Information supplied:
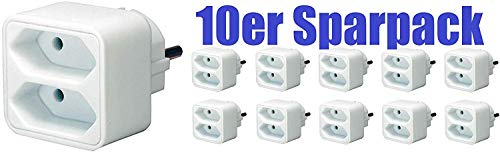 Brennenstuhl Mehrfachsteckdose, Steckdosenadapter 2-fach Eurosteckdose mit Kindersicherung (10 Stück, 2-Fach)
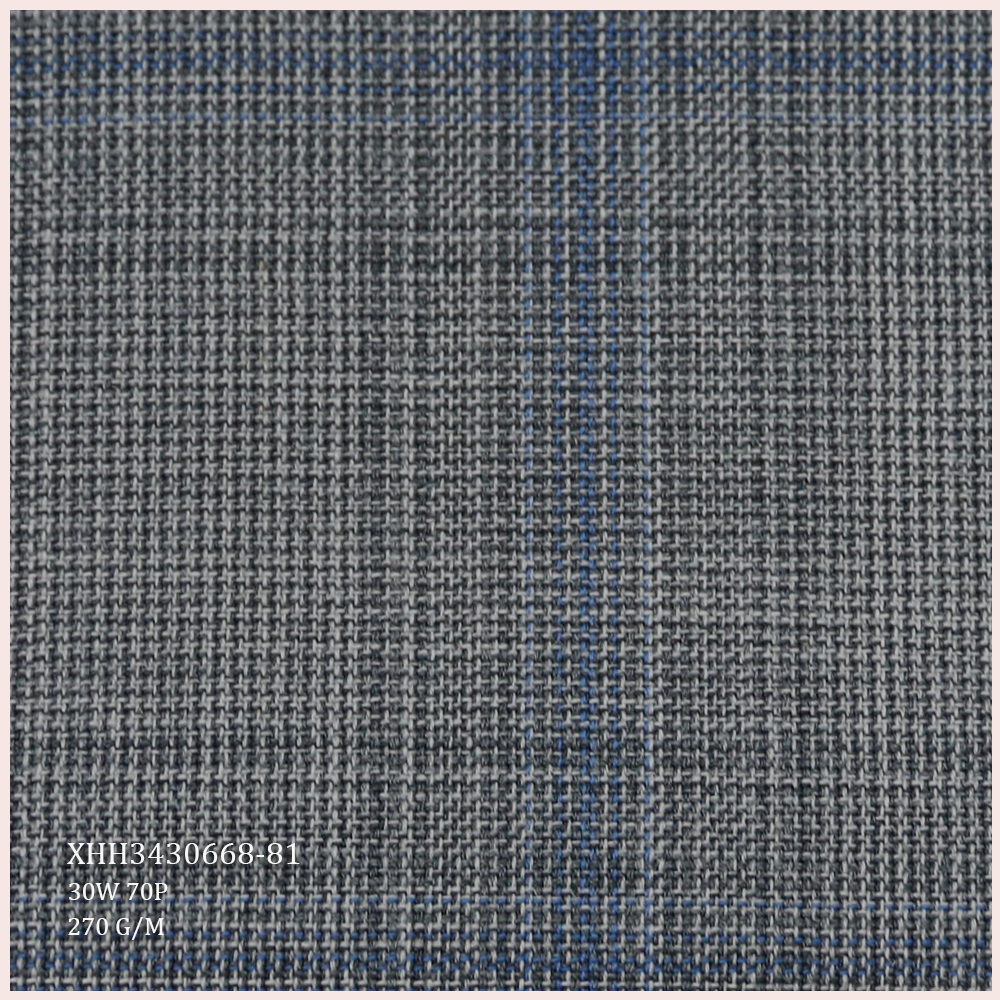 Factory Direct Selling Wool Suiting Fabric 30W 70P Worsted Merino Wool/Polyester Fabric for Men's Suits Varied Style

--

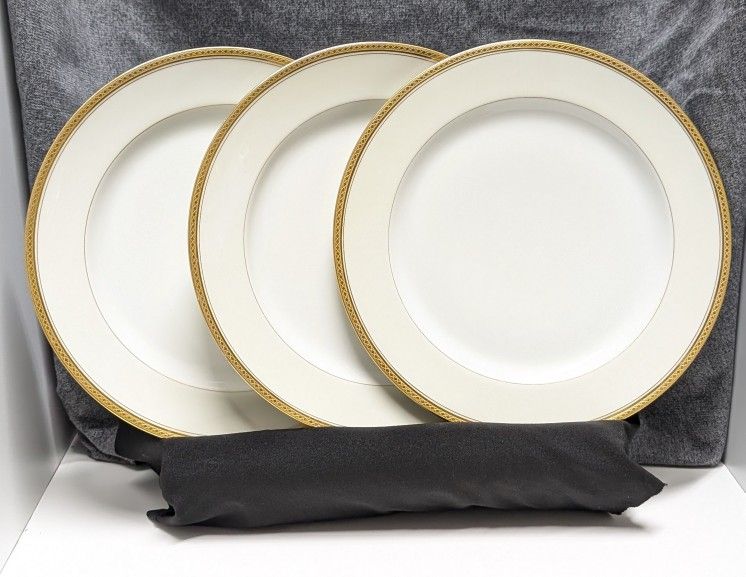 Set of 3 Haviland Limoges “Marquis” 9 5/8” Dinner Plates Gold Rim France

Work request:
Using the material above, reproduce only the lines that run from the line with "Brennenstuhl Mehrfachsteckdose, Steckdosenadapter" up to and including the line with "Factory Direct Selling", exactly, with the pictures dropped.

Solution:
 Brennenstuhl Mehrfachsteckdose, Steckdosenadapter 2-fach Eurosteckdose mit Kindersicherung (10 Stück, 2-Fach)
 Factory Direct Selling Wool Suiting Fabric 30W 70P Worsted Merino Wool/Polyester Fabric for Men's Suits Varied Style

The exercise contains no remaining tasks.